Commenting on WGS and the OGM-based approach, Duncavage said each method has pros and cons. For instance, while WGS can provide single-base resolution of the genome and promise “a one-stop assay” for clinicians to obtain all the information needed for risk stratification, Duncavage said the downside of the technology right now is that it is more expensive.
“I think for most labs, the big advantage [of OGM] is that the equipment is cheaper to buy, and the assays are cheaper to run compared to whole-genome sequencing,” he said, adding that the disadvantages of OGM include that it requires “very high molecular weight DNA” as an input and that it requires targeted NGS in conjunction to analyze mutations on the base level.
As sequencing costs continue to drop, Duncavage said he believes WGS will eventually become a more cost-effective technology in the long run for MDS analysis. However, in the short term, he said he still sees a need for OGM to fill the void.
In addition to WGS and OGM, researchers are also tapping long-read sequencing technologies to achieve real-time detection of copy number variants (CNVs) in patients with genetic disorders.
Commenting on these emerging sequencing-focused technologies, Kanagal-Shamanna said one major advantage for OGM is that clinicians can implement it quickly with minimal bioinformatics infrastructure. For long-read and short-read sequencing, people tend to need dedicated analysis pipelines and bioinformaticians, whereas with OGM’s analysis interface, researchers can manually visualize the abnormalities even without extensive bioinformatic knowledge, she said.
Moving forward, Kanagal-Shamanna said the team has already started a prospective study to further validate OGM’s performance in MDS and AML patients. The group also plans to incorporate OGM into some of the ongoing MDS clinical trials.
Additionally, encouraged by the existing results, Kanagal-Shamanna said MD Anderson also plans to adopt OGM as part of routine cancer diagnostics. Toward that goal, she said the institution now houses three Bionano Genomics Saphyr instruments, including one for its CLIA-certified laboratory, which is currently validating the OGM assay for hematological malignancies and will potentially explore solid tumors. “We hope to get it up and running for routine patient care in the next six months or so,” Kanagal-Shamanna said.

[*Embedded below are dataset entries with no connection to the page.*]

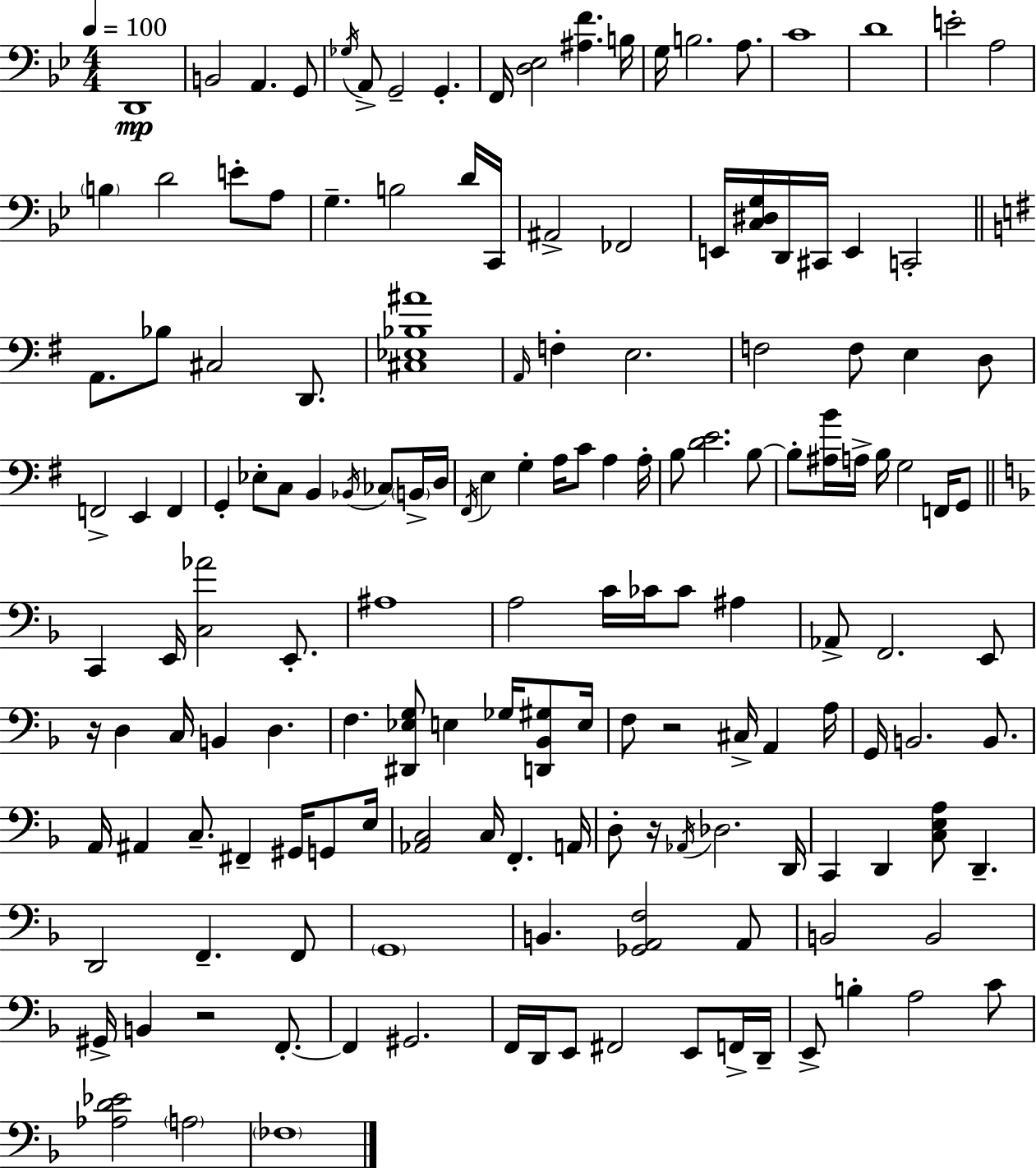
X:1
T:Untitled
M:4/4
L:1/4
K:Bb
D,,4 B,,2 A,, G,,/2 _G,/4 A,,/2 G,,2 G,, F,,/4 [D,_E,]2 [^A,F] B,/4 G,/4 B,2 A,/2 C4 D4 E2 A,2 B, D2 E/2 A,/2 G, B,2 D/4 C,,/4 ^A,,2 _F,,2 E,,/4 [C,^D,G,]/4 D,,/4 ^C,,/4 E,, C,,2 A,,/2 _B,/2 ^C,2 D,,/2 [^C,_E,_B,^A]4 A,,/4 F, E,2 F,2 F,/2 E, D,/2 F,,2 E,, F,, G,, _E,/2 C,/2 B,, _B,,/4 _C,/2 B,,/4 D,/4 ^F,,/4 E, G, A,/4 C/2 A, A,/4 B,/2 [DE]2 B,/2 B,/2 [^A,B]/4 A,/4 B,/4 G,2 F,,/4 G,,/2 C,, E,,/4 [C,_A]2 E,,/2 ^A,4 A,2 C/4 _C/4 _C/2 ^A, _A,,/2 F,,2 E,,/2 z/4 D, C,/4 B,, D, F, [^D,,_E,G,]/2 E, _G,/4 [D,,_B,,^G,]/2 E,/4 F,/2 z2 ^C,/4 A,, A,/4 G,,/4 B,,2 B,,/2 A,,/4 ^A,, C,/2 ^F,, ^G,,/4 G,,/2 E,/4 [_A,,C,]2 C,/4 F,, A,,/4 D,/2 z/4 _A,,/4 _D,2 D,,/4 C,, D,, [C,E,A,]/2 D,, D,,2 F,, F,,/2 G,,4 B,, [_G,,A,,F,]2 A,,/2 B,,2 B,,2 ^G,,/4 B,, z2 F,,/2 F,, ^G,,2 F,,/4 D,,/4 E,,/2 ^F,,2 E,,/2 F,,/4 D,,/4 E,,/2 B, A,2 C/2 [_A,D_E]2 A,2 _F,4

As for insurance coverage, she said, now that OGM has shown it can be a powerful alternative to conventional cytogenetic analysis, “it would just be a matter of time before the reimbursement issue is sorted out.”
Echoing Kanagal-Shamanna’s point, Duncavage thinks methods like OGM and NGS will become more common in the next five years as they become more widely covered by insurance carriers.
“I think it's a testament to the fact that the world is ready to move forward from cytogenetics,” Duncavage said.